The Financial Conduct Authority (FCA) has confirmed its first fines of claims management companies (CMCs) for poor practices since it became responsible for their regulation in April 2019.

Professional Personal Claims Ltd (PPC) was fined £70,000 for misleading consumers in a case opened by the previous Claims Management Regulator (CMR), but closed by the FCA (18-page / 2MB PDF) after PPC dropped an appeal. Separately, the first-tier tribunal upheld a £91,000 fine imposed on Hall and Hanley Ltd (H&H) by the CMR, in a case argued before the tribunal by the FCA.

Regulatory enforcement expert David Hamilton of Pinsent Masons, the law firm behind Out-Law, said: "The FCA has shown itself more than willing to make early use of new regulatory powers. Firms would do well to take heed".

Hamilton David

David Hamilton

Senior Associate

The FCA has shown itself more than willing to make early use of new regulatory powers. Firms would do well to take heed.

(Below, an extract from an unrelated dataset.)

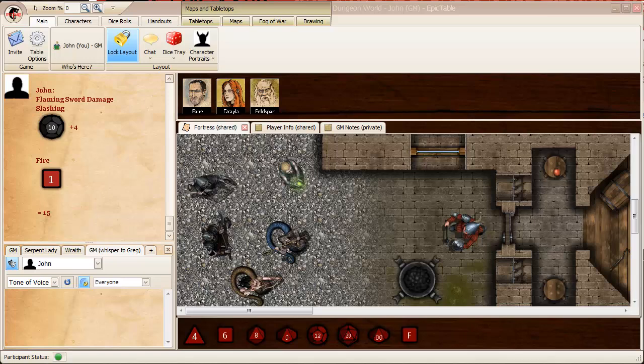Hi, this is John Lammers, the creator of Epic Table. In this video, I'm going to give you a quick tour of the Epic Table user interface.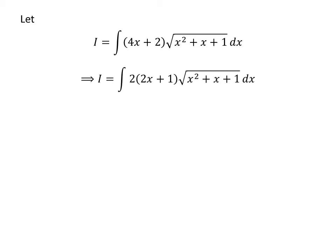Taking out the common factor 2, we get i is equal to the integral of 2 times 2x plus 1 times square root of x squared plus x plus 1 with respect to x.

"Although the FCA inherited these cases at quite a late stage from the Ministry of Justice, they nevertheless represent the first enforcement actions against CMCs since the FCA assumed responsibility for the industry in April 2019. They will not be the last. The FCA's assumption of responsibility marked a step change in regulation from the Ministry of Justice; the FCA operating a more stringent and consumer-focussed regime. Treating customers fairly, a requirement enshrined in Principle 6 of the FCA's Principles for Businesses, has always been an FCA priority and these cases are a timely warning for others involved in the claims management industry," he said.

Hamilton added: "CMCs would also be advised to consider how the FCA has approached the consumer credit sector since it took over from the OFT in April 2014, with hundreds of firms having their permissions revoked for failing to act openly and honestly with the FCA or to meet the FCA's threshold conditions".

PPC was originally investigated and fined by the CMR, part of the Ministry of Justice, under the previous regime. It appealed to the first-tier tribunal, and the FCA took over regulation of CMCs while its appeal was pending. PPC withdrew its appeal after reviewing the evidence put forward by the FCA, which then imposed the £70,000 fine on the basis of the failings identified in the CMR's original penalty notice.

The CMR found that PPC had breached its conduct rules by using websites and marketing materials that were misleading, and by submitting misleading materials to financial firms in support of its customers' claims for mis-sold payment protection insurance (PPI). PPC used the names and logos of five major banks in its marketing materials, which the CMR found was liable to mislead consumers into believing that they were submitting PPI claims directly to their banks rather than engaging a CMC for a fee. It also used very similar or identical factual allegations for different clients in its claims to the five banks.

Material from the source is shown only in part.